◆ Data listing
▼▼▼

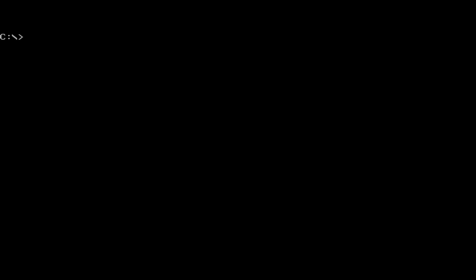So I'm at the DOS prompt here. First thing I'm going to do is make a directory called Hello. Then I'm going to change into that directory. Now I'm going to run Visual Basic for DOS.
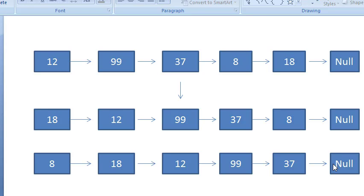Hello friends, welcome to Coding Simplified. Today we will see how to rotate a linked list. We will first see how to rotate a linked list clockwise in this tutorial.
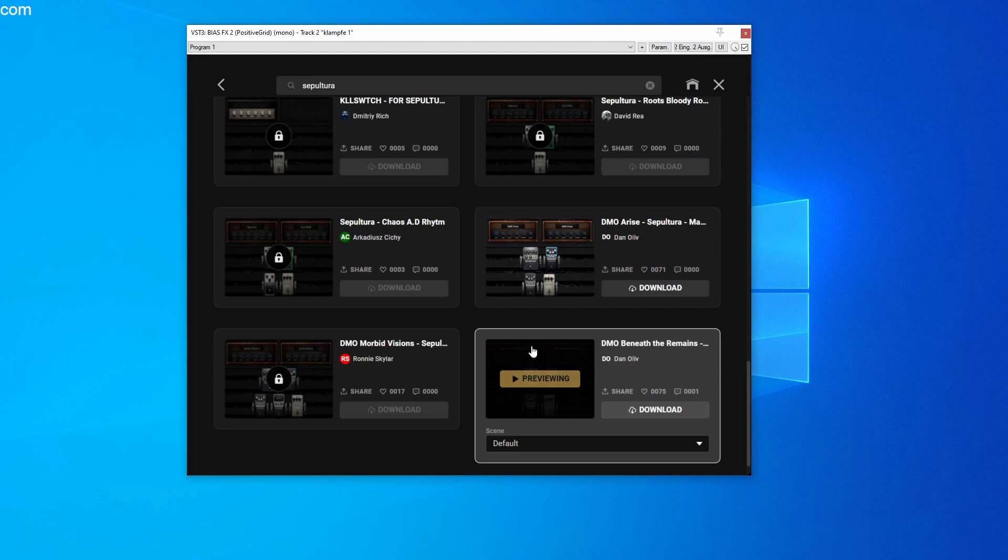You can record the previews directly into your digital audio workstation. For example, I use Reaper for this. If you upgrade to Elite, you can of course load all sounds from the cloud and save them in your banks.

▲▲▲
▼▼▼

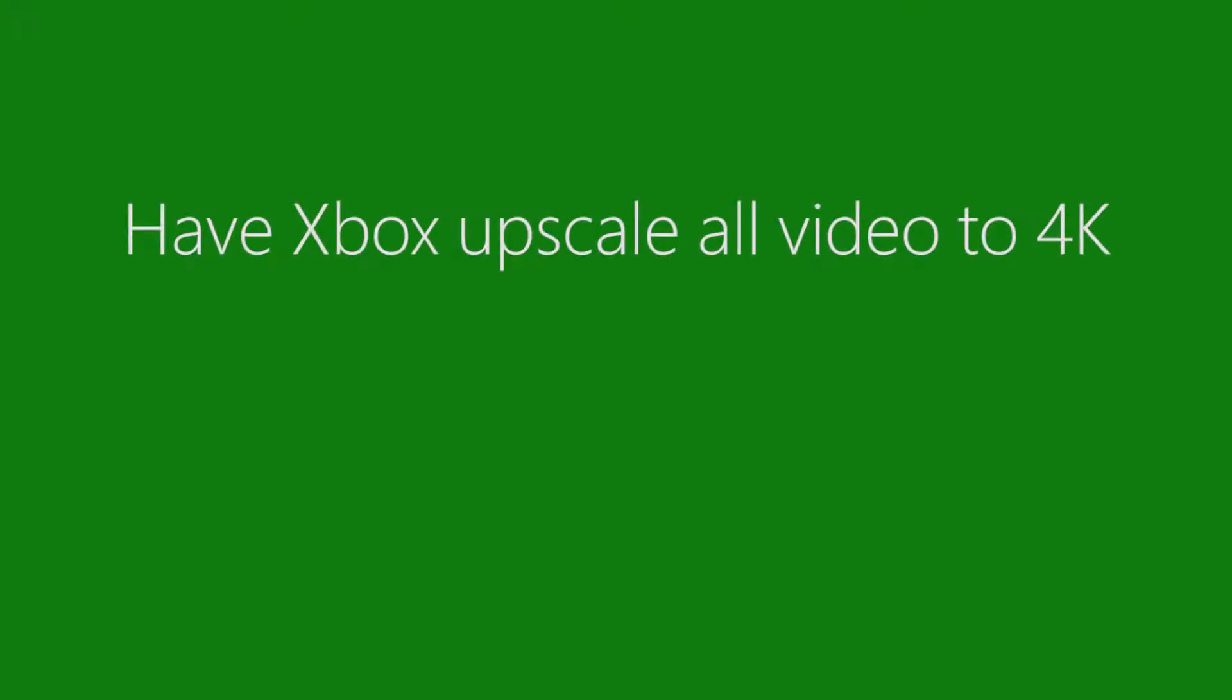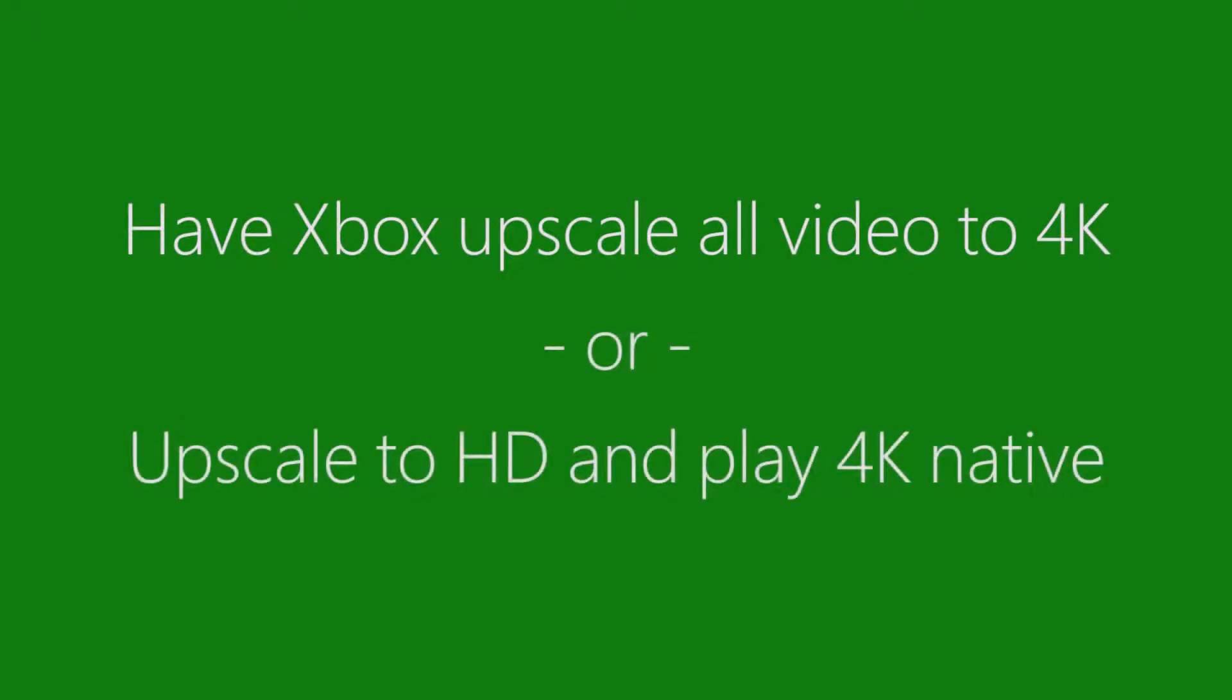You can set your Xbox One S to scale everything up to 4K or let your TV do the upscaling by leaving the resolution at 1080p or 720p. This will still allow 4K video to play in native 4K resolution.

▲▲▲

Restate word for word the lines of the data above that begin at the line with "So I'm at the" and end at the line with "You can record", keeping both ends and dropping every picture.

◆ Answer below
So I'm at the DOS prompt here. First thing I'm going to do is make a directory called Hello. Then I'm going to change into that directory. Now I'm going to run Visual Basic for DOS.
Hello friends, welcome to Coding Simplified. Today we will see how to rotate a linked list. We will first see how to rotate a linked list clockwise in this tutorial.
You can record the previews directly into your digital audio workstation. For example, I use Reaper for this. If you upgrade to Elite, you can of course load all sounds from the cloud and save them in your banks.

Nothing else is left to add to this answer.